There is still much to be figured out, from testing, safety and quarantine procedures, how to handle if and when a player or coach tests positive, to the doomsday scenario of the virus roaring back to a point where staging games becomes untenable. The United States is the hardest hit country by the pandemic, with more than 1.8 million infections and more than 107,000 people who have lost their lives to the disease. The NBA is planning to finish its season in Orlando, and any potential baseball re-start would include spring training in Florida. On Thursday, the Florida Department of Health announced 1,419 new COVID-19 cases, the most since it began providing daily updates in March.
But the leagues are trying to figure out how to return to the field in the safest way possible. Whether it can be pulled off will not be known for some time. But the financial implications were more clear: Disney would’ve been looking at a nearly $500 million loss in ad revenue if the rest of the NBA season were to get called off. For TNT, it would take a $210 million hit if the coronavirus wiped out rest of the season.
“If we get the optimal scenario — most major sports finish their current seasons in some way — there will be plenty of A-List live programming for advertisers to reach viewers, thanks to a supersized sports schedule,” said Patrick Crakes, a former Fox Sports executive who now works as a sports media consultant. “Ad revenue won’t be made whole, but it will be a heck of a lot better than we were projecting just a month ago and will make for a solid transition to new seasons and next year.”
As far as the schedule crunch, Crakes doesn’t foresee “any scheduling grid disasters.” For one, the major broadcast networks have not begun any production on any scripted series for next season; Fox’s fall lineup is largely made up of already-filmed shows that were either acquired from other platforms or haven’t aired yet. Fox also has practice balancing this every year in October, when it has the NFL, College Football, baseball playoffs and World Series.
“For all the sports networks this is truly a great problem to have,” Crakes said. “In particular, given what the alternative was looking like.”
Some professional sports that have already returned are providing a playbook. NASCAR is racing again. New York’s Belmont Park saw its first horse racing event last week. (The Belmont Stakes are scheduled for June 20.) The UFC has staged a few fights.

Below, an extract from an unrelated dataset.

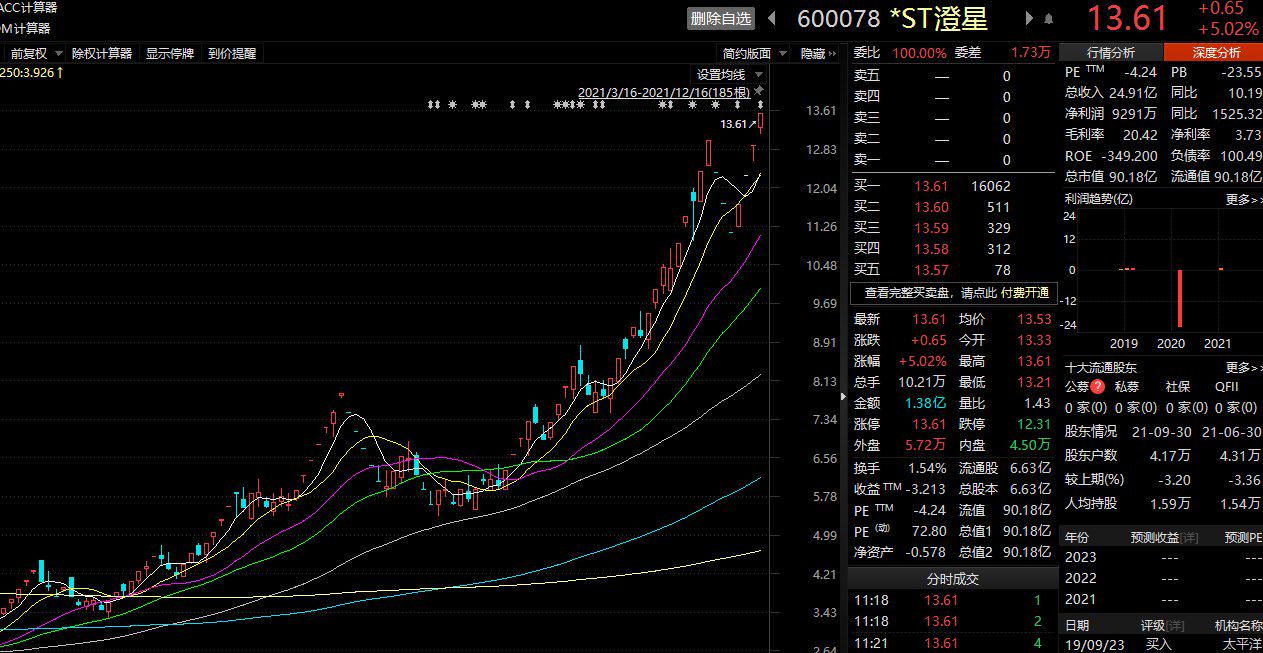 33只股涨停 最大封单资金1.27亿元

Internationally, Germany’s Bundesliga soccer league returned to the pitch, and the aforementioned Korean baseball league (KBO League) began its season on time in April.
The one thing every one of these leagues had in common? Playing in front of empty stadiums.
Fox broadcaster Joe Buck caught flack on social media when he suggested that the NFL is thinking about piping in fake crowd noise if the league has to play its games without any fans in attendance. Fox Sports 1, which airs Bundesliga matches, has been adding some crowd noise to its broadcasts to help make the games feel slightly more normal despite the vast empty rows of seats.
“If part of the attraction of live sports is its human authenticity, how will the experiments of 2020 impact the future of game presentation? That’s the key question,” said Crakes. “At some point, we will have fans back at venues. The real question isn’t how we approach possible fan-less games in Q3 and Q4 of 2020, but what’s the production approach to games with only a small amount of fans in 2021 and beyond.”